The more you practice, the more you will discover. It’s impossible for any course on the internet to cover every single thing there is about Java. Practicing will help you discover some of the details of the Java programming language. Furthermore, looking at Java code every day will make it seem natural to your eyes, and you will be able to interpret it easily, almost as if you are reading plain English.
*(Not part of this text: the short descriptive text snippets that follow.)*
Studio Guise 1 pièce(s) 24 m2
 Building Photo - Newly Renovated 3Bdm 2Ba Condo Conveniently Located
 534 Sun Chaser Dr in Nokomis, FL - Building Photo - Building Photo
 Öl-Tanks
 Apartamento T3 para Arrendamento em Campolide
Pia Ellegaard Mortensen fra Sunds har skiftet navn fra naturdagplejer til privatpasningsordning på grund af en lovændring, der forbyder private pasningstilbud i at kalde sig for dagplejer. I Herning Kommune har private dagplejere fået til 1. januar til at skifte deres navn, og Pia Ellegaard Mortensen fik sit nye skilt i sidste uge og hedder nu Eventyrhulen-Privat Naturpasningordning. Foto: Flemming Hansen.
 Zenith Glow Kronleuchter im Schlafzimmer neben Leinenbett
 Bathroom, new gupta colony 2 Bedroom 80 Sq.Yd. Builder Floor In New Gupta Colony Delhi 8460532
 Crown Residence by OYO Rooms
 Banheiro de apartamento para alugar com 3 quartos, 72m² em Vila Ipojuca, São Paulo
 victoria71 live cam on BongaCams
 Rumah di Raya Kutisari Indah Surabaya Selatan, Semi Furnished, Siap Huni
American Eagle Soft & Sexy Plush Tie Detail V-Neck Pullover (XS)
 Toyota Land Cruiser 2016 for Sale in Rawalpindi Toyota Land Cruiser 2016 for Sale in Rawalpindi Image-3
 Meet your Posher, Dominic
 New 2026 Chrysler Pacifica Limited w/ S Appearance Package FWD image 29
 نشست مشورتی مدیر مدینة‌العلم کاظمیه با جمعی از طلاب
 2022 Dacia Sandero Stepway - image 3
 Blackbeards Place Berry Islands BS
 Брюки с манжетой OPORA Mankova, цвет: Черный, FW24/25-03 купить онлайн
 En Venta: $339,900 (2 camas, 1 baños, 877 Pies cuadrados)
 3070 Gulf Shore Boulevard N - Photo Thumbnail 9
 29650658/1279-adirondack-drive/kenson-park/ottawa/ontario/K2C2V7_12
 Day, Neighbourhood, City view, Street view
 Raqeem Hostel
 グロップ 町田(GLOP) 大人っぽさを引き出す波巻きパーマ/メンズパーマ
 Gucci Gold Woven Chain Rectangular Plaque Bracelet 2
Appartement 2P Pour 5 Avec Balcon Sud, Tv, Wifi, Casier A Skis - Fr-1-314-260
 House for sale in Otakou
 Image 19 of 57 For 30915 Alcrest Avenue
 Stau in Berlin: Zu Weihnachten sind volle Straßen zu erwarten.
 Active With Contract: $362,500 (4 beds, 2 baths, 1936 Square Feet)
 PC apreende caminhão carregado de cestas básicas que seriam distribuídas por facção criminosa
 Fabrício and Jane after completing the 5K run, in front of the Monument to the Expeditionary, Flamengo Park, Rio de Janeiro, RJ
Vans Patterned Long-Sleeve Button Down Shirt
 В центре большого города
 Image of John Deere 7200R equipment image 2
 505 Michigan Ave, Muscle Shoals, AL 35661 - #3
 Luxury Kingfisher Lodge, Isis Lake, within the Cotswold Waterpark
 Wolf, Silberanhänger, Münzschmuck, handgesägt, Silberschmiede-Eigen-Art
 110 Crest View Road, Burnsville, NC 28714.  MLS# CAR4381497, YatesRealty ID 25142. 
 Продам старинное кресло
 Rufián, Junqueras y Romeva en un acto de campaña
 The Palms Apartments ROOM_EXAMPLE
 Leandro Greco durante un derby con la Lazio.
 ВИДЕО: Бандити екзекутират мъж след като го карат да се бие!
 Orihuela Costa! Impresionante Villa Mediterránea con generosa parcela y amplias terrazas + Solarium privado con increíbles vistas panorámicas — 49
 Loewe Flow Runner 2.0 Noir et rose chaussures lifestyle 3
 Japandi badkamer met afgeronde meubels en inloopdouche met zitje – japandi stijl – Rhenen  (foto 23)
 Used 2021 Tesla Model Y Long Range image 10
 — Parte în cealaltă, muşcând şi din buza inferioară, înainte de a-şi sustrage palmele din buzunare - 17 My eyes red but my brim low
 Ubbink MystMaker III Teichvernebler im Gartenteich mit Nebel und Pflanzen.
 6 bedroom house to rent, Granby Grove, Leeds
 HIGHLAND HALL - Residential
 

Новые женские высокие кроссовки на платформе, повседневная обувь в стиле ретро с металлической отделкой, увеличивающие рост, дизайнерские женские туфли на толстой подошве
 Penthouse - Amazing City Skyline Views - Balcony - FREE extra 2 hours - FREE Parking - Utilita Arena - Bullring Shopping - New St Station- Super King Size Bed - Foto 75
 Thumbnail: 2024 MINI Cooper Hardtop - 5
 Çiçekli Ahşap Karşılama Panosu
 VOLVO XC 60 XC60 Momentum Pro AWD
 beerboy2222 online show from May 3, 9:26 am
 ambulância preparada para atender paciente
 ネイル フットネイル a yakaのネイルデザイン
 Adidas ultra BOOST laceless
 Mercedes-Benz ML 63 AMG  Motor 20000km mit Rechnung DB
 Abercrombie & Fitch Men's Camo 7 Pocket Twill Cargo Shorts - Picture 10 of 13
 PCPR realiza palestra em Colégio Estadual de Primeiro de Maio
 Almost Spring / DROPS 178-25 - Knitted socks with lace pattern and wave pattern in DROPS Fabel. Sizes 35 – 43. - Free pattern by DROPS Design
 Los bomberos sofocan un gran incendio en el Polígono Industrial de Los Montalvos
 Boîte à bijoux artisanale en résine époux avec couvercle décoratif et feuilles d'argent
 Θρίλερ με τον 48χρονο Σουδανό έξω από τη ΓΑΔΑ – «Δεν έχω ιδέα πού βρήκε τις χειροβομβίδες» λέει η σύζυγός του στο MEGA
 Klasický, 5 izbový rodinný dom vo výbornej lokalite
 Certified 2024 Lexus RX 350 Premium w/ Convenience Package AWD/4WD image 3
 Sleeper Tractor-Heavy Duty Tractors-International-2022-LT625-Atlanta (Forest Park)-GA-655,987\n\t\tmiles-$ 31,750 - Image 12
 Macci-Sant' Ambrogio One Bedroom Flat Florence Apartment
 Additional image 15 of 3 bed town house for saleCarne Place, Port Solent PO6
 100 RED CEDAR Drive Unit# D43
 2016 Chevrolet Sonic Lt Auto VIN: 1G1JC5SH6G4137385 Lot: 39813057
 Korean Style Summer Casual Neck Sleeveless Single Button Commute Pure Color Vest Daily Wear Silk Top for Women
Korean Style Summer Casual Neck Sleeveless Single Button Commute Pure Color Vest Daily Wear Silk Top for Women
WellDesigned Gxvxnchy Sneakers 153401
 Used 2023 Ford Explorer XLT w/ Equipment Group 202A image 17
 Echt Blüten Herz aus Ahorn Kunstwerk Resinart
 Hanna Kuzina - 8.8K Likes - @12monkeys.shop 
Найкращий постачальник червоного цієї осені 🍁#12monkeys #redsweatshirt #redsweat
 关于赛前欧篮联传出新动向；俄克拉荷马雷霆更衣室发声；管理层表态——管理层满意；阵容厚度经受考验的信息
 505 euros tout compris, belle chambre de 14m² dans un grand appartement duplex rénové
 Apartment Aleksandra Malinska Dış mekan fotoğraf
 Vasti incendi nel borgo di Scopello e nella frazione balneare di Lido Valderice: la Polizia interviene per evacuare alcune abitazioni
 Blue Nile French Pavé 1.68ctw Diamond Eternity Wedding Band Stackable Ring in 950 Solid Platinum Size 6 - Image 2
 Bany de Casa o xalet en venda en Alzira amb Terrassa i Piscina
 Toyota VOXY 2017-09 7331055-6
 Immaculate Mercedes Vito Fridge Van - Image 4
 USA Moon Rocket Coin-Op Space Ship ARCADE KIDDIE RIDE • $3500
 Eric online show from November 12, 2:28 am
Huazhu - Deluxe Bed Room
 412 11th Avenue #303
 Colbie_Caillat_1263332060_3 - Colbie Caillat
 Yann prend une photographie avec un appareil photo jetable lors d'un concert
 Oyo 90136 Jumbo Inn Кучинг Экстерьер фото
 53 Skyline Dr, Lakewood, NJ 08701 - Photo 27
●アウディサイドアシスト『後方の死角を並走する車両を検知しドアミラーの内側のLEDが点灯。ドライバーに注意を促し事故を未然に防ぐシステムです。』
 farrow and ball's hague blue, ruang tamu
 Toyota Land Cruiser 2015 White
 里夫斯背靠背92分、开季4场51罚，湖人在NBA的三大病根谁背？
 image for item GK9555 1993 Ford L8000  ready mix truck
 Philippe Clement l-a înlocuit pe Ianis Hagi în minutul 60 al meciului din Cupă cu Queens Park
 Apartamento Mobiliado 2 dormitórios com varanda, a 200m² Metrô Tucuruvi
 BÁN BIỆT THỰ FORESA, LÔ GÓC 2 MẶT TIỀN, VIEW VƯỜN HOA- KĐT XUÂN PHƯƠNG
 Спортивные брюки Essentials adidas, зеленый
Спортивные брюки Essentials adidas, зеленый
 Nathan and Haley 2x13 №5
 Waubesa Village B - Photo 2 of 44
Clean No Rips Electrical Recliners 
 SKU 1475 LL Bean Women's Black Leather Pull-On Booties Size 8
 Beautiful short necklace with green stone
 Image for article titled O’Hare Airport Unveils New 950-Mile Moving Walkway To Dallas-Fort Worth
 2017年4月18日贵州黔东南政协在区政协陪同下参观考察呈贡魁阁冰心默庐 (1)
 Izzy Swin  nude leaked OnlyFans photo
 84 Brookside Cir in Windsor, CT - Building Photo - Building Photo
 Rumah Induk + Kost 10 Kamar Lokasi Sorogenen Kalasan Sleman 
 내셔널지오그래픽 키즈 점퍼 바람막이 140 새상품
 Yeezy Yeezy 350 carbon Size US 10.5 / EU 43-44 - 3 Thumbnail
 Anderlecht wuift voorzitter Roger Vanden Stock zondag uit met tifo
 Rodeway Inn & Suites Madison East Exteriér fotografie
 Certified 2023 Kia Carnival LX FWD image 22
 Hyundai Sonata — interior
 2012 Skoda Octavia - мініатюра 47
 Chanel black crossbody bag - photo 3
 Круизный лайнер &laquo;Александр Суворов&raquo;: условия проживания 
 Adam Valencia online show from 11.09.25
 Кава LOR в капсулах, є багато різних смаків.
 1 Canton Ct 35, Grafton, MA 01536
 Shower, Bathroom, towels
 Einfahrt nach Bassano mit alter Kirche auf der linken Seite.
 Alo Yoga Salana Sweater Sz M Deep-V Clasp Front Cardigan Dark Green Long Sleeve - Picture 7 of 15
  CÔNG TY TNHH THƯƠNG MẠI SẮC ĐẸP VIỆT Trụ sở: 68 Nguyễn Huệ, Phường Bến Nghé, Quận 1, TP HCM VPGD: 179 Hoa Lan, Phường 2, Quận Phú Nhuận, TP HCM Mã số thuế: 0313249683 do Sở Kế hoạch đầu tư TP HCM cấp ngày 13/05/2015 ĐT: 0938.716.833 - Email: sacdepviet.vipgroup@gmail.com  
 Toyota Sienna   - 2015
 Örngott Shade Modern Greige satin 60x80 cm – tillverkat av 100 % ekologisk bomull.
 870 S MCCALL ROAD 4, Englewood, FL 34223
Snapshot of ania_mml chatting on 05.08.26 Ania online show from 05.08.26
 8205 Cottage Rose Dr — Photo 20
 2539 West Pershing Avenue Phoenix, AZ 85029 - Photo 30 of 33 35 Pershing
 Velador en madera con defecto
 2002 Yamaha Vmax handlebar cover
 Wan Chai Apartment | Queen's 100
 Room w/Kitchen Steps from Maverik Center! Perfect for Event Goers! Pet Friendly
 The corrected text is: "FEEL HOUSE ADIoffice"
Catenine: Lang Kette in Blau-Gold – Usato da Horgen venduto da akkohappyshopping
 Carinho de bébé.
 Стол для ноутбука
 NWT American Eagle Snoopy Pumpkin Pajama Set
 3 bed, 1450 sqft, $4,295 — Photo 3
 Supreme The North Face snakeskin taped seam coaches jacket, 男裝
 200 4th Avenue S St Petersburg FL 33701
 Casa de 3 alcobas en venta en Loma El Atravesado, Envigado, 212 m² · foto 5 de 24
To practice Java programming, aim to solve practical problems. These problems will give you an idea of what it is like to be a Java developer, and prepare you for the problems in the real world. One way to do this is to build projects, but don’t start out too ambitious. When you first start out, finishing small projects in a small timeframe will provide you instant gratification and motivation to continue further. When you’re more experienced with Java, you can embark on more challenging projects. I’ve included some ideas for Java projects below.

Project Ideas

  • Encryption algorithm system
  • Simple chatbot
  • A text adventure game
  • A vigenere cipher
  • Fibonacci Sequence
  • Unit Converter (temp, currency, volume, mass and more)
  • Tax Calculator
  • Factorial Finder

This website will provide you with dozens of more coding projects, along with some solutions.

Final Words

Thank you for staying with me throughout this lengthy article. At this point, you should have a good idea of how you can stay motivated through the journey to learn Java. Before you embark, I want to leave you with some reminders and final words.

Make a schedule. Setting aside time every day will allow you to stay more focused on your Java studies. It’ll allow you to develop a repetitive habit of studying, and will benefit you greatly in the long run.

Start with the basics. If you’re new to Java or programming itself, I strongly recommend you start with the basics. As I described multiple times in my article, having a strong foundation will allow you to build upon your skills quicker.

Code every day. Coding is the only way to get really good at coding. If you read a bunch of music theory books and watch many videos on how to play the piano, that doesn’t mean that the first time you sit on the piano bench you’ll be able to play the piano perfectly. Practice develops long-term memory skills in Java, and practicing will make you able to spot out bugs quicker and write programs quicker.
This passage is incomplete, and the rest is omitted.